In an Event Streaming Platform, Event Sources, which create and write Events, are decoupled from Event Sinks and Event Processing Applications, which read and process the events. Ensuring interoperability between the producers and the consumers of events requires that they agree on the data schemas for the events. This is an important aspect of putting Data Contracts in place for data governance.
How can I enforce a defined schema for all Events sent to an Event Stream?
Validate that an Event conforms to the defined schema(s) of an Event Stream prior to writing the event to the stream. You can perform this schema validation in two ways:
- On the server side, the Event Streaming Platform that receives the Event can validate the event. The Event Streaming Platform can reject the event if it fails schema validation and thus violates the Data Contract.
- On the client side, the Event Source that creates the Event can validate the event. For example, an Event Source Connector can validate events prior to ingesting them into the Event Streaming Platform, or an Event Processing Application can use the schema validation functionality provided by a serialization library that supports schemas (such as the Confluent serializers and deserializers for Kafka).
With Confluent, schema validation is fully supported with a per-environment managed Schema Registry. Use the Confluent Cloud Console to enable Schema Registry in your cloud provider of choice. Schemas can be managed per topic using either the Confluent Cloud Console or the Confluent CLI. The following command creates a schema using the CLI:
confluent schema-registry schema create --subject employees-value --schema employees.avsc --type AVRO
- Schema Validator is a data governance implementation of "Schema on Write", which enforces data conformance prior to event publication. An alternative strategy is Schema On Read, where data formats are not enforced on write, but consuming Event Processing Applications are required to validate data formats as they read each event.
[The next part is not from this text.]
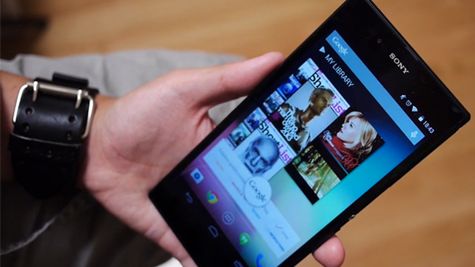 Ekran z Galaxy S5, Nokia Normandy i Xperia Z Google Play edition na wideo 1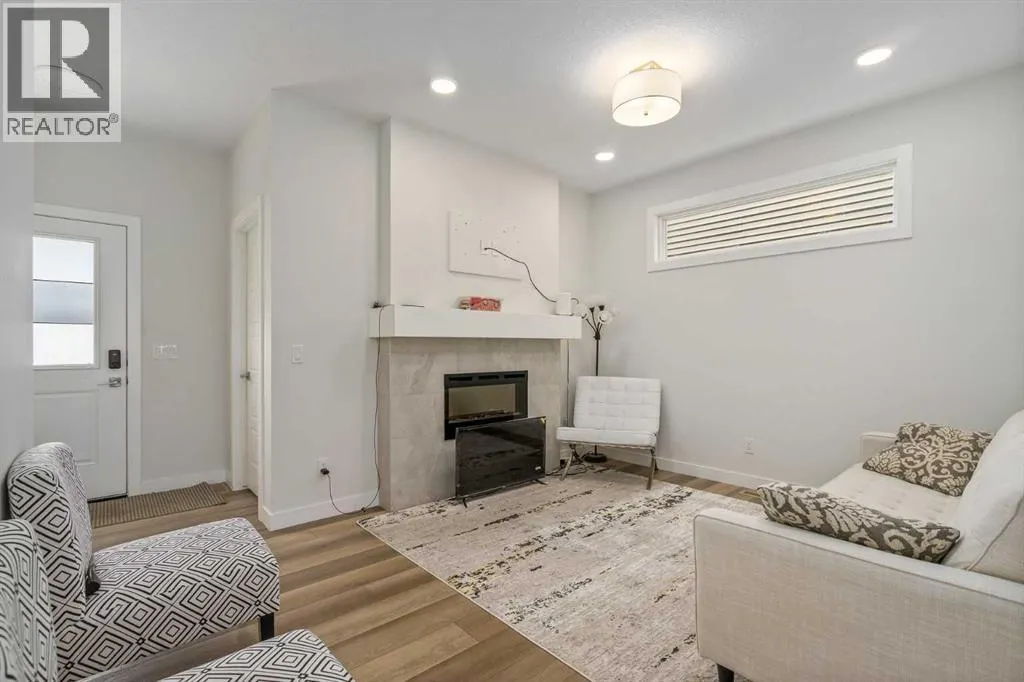 352 Chelsea Passage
- Server-side schema validation is preferable when you want to enforce this pattern centrally inside an organization. In contrast, client-side validation assumes the cooperation of client applications and their developers, which may or may not be acceptable (for example, in regulated industries).
- Schema validation results in a load increase, because it impacts the write path of every event. Client-side validation primarily impacts the load of client applications. Server-side schema validation increases the load on the event streaming platform, whereas client applications are less affected (here, the main impact is dealing with rejected events; see Dead Letter Stream).